MARTIN: But it’s so fresh and modern. When I watch the film, I feel it in a way where it feels like it’s happening now.

DECKER: A part of the immediacy is that there is something very haunting, and haunted, about this script, which is also true of all of Shirley’s work. It’s something I’m always interested in investigating. How do you grasp that presence that’s outside of those characters? I feel there was a presence to the script that was very otherworldly, and in the movie, we tried to bring that out.

MARTIN: I felt that way with those quick motions, which was reminiscent of “Madeline’s Madeline”. It’s almost like there are three parts to Shirley’s story: one is Odessa Young’s character Rose, then there’s Shirley, and then there’s this fictional, magical bit that’s contained in that space between. And I just love those scenes where you see her, but not her face, in the woods

Could you go into what you were trying to do with those girls on campus? It seemed to me that it was coming from Rose’s point of view. The perspective reminded me of “Madeline’s Madeline,” and I was wondering if you could expand on your intentions.

DECKER: It’s funny that you ask about the girls on the college campus. They used to be in the movie more, but we had to cut many of the scenes out. I loved them. 

MARTIN: They were great. They added just an extra little bit.

DECKER: It’s interesting, because I think there are different layers of sorcery in the film. And there is a witchiness to Shirley, a witchiness that is kind of manipulating and abusing, but also lifting up Rose.
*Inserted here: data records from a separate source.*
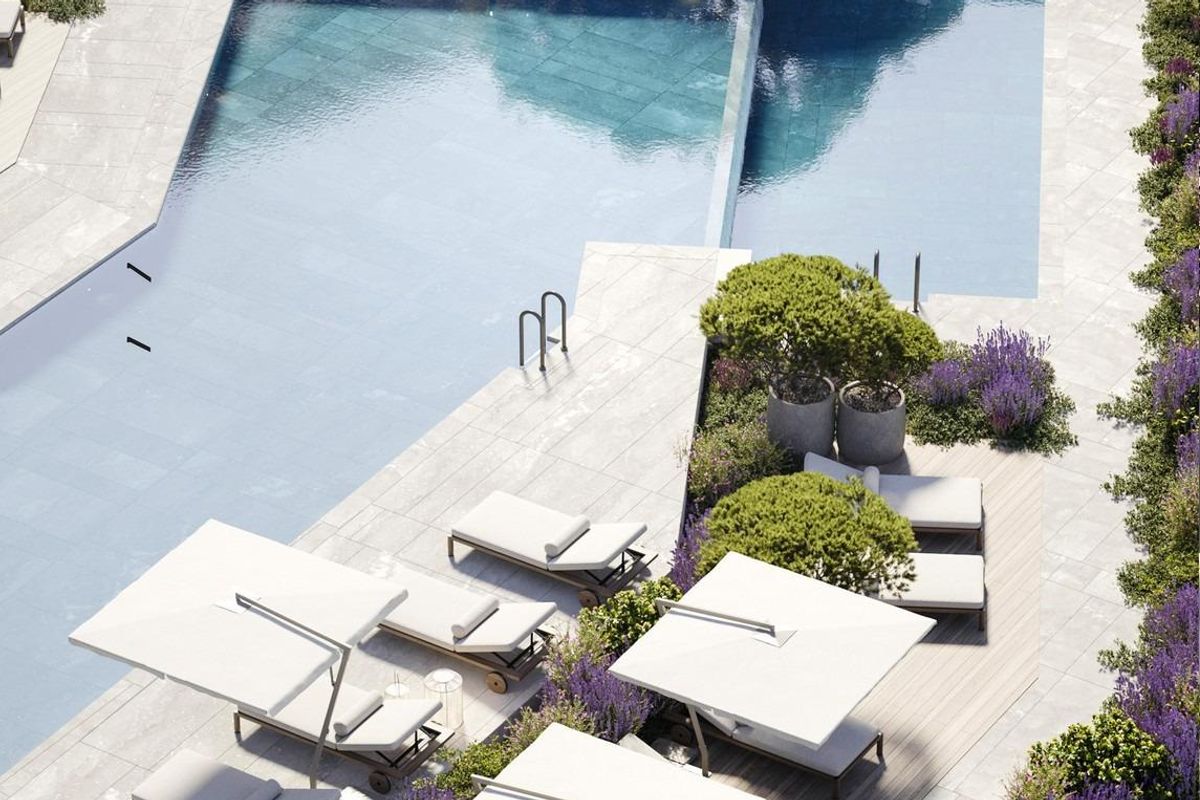 Stijlvol zwembad met ligstoelen en weelderige lavendel tuinen in Mijas, Costa del Sol appartementencomplex.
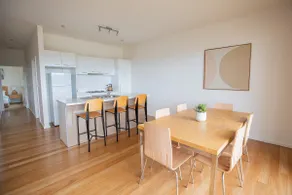 Waterfront Apartment at Luxury Anglesea Hotel - Image 2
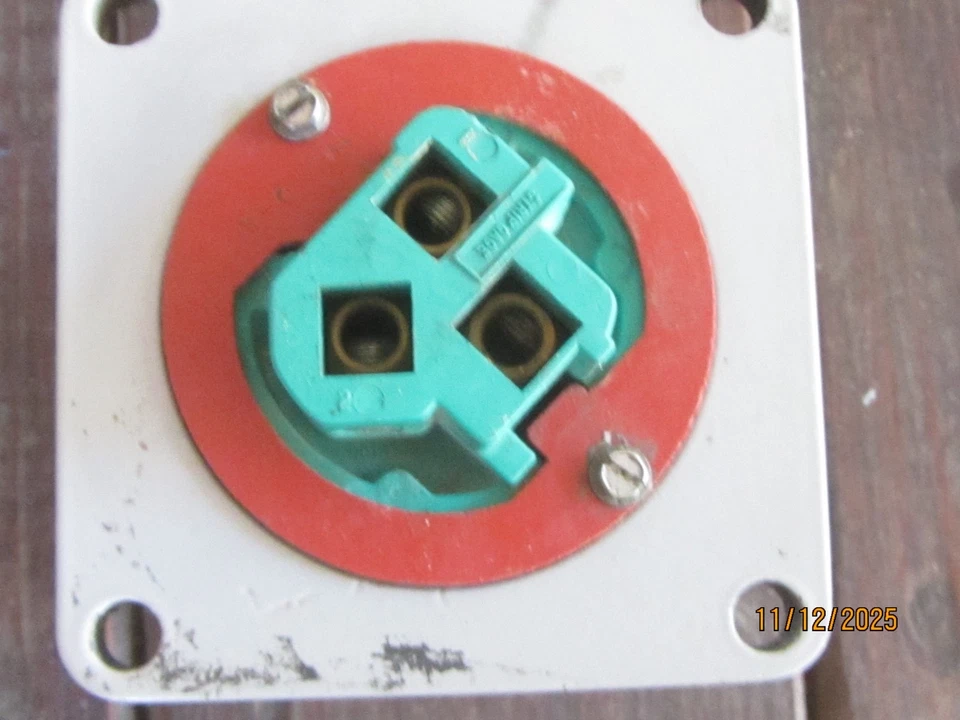 Crouse Hinds AR631 receptáculo 60 amperios 3 polos 3 hilos con caja de montaje en ángulo de 15 grados Foto 4 de 4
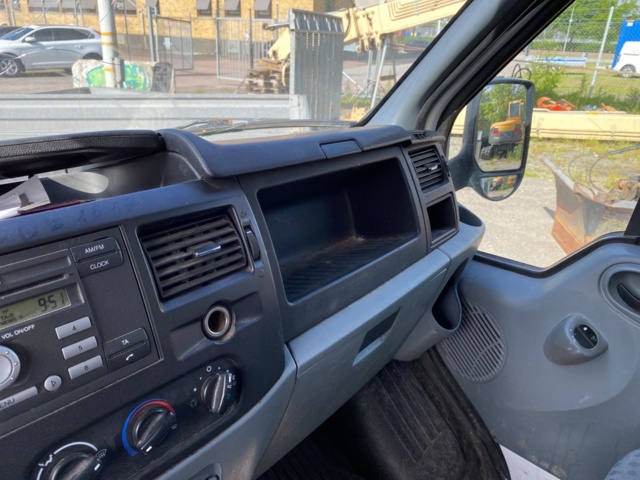 908195-37 Ford Transit T350 Chassis Cab 2.2 TDCi - 2012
I really think the sorcery is about Shirley working on a part of herself, trying so hard to find something. And I think finding a character is similar to finding a part of yourself you didn’t know that you could connect to. That is why the connection with Rose is so strong. She’s kind of integrating herself. 

The women on campus represent another layer of the sorcery in the film, the concept of women at that time, what women were allowed to do, the women that broke those boundaries. There was kind of a magic to them and a witchiness. Bennington College, in the 1940s, was like this hot bed of sensuality. It was an all women’s college with all male professors, and they would just have orgies. They’d deliver handwritten invitations in glitter to these orgies. 

MARTIN: The Shakespeare Society?

DECKER: The Shakespeare Society is an invented thing, but it’s drawing from a reality. It was at these women’s schools. It wasn’t all the prim and proper 1940s and 1950s, it is this underbelly of sexual discovery, which is still on college campuses today. Maybe formalized a little bit more for that time period.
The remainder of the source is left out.